──────── Information given

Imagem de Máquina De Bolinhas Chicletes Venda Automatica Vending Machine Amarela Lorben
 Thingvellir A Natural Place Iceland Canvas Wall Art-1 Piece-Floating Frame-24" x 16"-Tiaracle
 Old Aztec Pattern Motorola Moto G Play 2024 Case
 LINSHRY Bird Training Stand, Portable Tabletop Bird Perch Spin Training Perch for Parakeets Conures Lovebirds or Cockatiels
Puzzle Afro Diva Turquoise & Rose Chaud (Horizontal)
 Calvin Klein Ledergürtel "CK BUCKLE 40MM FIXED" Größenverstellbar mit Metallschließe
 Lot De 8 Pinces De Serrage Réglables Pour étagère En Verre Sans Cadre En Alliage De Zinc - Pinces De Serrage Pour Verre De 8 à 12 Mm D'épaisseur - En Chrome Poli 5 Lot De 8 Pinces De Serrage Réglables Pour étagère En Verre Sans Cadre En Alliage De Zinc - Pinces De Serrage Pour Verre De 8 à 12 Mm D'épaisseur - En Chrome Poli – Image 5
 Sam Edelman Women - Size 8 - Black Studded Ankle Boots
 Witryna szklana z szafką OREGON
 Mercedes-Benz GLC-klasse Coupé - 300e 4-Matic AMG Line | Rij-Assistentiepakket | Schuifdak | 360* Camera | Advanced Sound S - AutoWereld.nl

────────────────

_Task to complete_. Output exactly the lines from the one containing "Old Aztec Pattern" through the last line of the records, both included. Output nothing else.

_Response_.
 Old Aztec Pattern Motorola Moto G Play 2024 Case
 LINSHRY Bird Training Stand, Portable Tabletop Bird Perch Spin Training Perch for Parakeets Conures Lovebirds or Cockatiels
Puzzle Afro Diva Turquoise & Rose Chaud (Horizontal)
 Calvin Klein Ledergürtel "CK BUCKLE 40MM FIXED" Größenverstellbar mit Metallschließe
 Lot De 8 Pinces De Serrage Réglables Pour étagère En Verre Sans Cadre En Alliage De Zinc - Pinces De Serrage Pour Verre De 8 à 12 Mm D'épaisseur - En Chrome Poli 5 Lot De 8 Pinces De Serrage Réglables Pour étagère En Verre Sans Cadre En Alliage De Zinc - Pinces De Serrage Pour Verre De 8 à 12 Mm D'épaisseur - En Chrome Poli – Image 5
 Sam Edelman Women - Size 8 - Black Studded Ankle Boots
 Witryna szklana z szafką OREGON
 Mercedes-Benz GLC-klasse Coupé - 300e 4-Matic AMG Line | Rij-Assistentiepakket | Schuifdak | 360* Camera | Advanced Sound S - AutoWereld.nl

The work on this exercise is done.